··· SOURCE MATERIAL ···

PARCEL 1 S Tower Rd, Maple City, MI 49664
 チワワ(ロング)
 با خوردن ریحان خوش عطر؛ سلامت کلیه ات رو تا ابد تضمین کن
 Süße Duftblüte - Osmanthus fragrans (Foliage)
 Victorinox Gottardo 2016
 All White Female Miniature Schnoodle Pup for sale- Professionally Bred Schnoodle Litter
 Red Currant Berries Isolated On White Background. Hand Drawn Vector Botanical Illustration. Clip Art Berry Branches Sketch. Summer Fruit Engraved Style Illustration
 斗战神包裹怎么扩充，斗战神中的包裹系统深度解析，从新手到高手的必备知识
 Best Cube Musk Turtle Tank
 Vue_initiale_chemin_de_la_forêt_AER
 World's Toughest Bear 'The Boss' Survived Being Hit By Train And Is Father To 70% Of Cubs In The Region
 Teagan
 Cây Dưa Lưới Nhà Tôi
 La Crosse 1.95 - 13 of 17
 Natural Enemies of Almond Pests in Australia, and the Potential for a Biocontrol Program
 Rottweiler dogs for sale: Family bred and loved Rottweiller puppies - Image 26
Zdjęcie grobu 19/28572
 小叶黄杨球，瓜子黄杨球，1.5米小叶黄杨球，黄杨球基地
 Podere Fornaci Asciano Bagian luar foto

···

EXERCISE DIRECTIONS |
Produce the entries above once more, identical in every detail.

EXERCISE ANSWER |
PARCEL 1 S Tower Rd, Maple City, MI 49664
 チワワ(ロング)
 با خوردن ریحان خوش عطر؛ سلامت کلیه ات رو تا ابد تضمین کن
 Süße Duftblüte - Osmanthus fragrans (Foliage)
 Victorinox Gottardo 2016
 All White Female Miniature Schnoodle Pup for sale- Professionally Bred Schnoodle Litter
 Red Currant Berries Isolated On White Background. Hand Drawn Vector Botanical Illustration. Clip Art Berry Branches Sketch. Summer Fruit Engraved Style Illustration
 斗战神包裹怎么扩充，斗战神中的包裹系统深度解析，从新手到高手的必备知识
 Best Cube Musk Turtle Tank
 Vue_initiale_chemin_de_la_forêt_AER
 World's Toughest Bear 'The Boss' Survived Being Hit By Train And Is Father To 70% Of Cubs In The Region
 Teagan
 Cây Dưa Lưới Nhà Tôi
 La Crosse 1.95 - 13 of 17
 Natural Enemies of Almond Pests in Australia, and the Potential for a Biocontrol Program
 Rottweiler dogs for sale: Family bred and loved Rottweiller puppies - Image 26
Zdjęcie grobu 19/28572
 小叶黄杨球，瓜子黄杨球，1.5米小叶黄杨球，黄杨球基地
 Podere Fornaci Asciano Bagian luar foto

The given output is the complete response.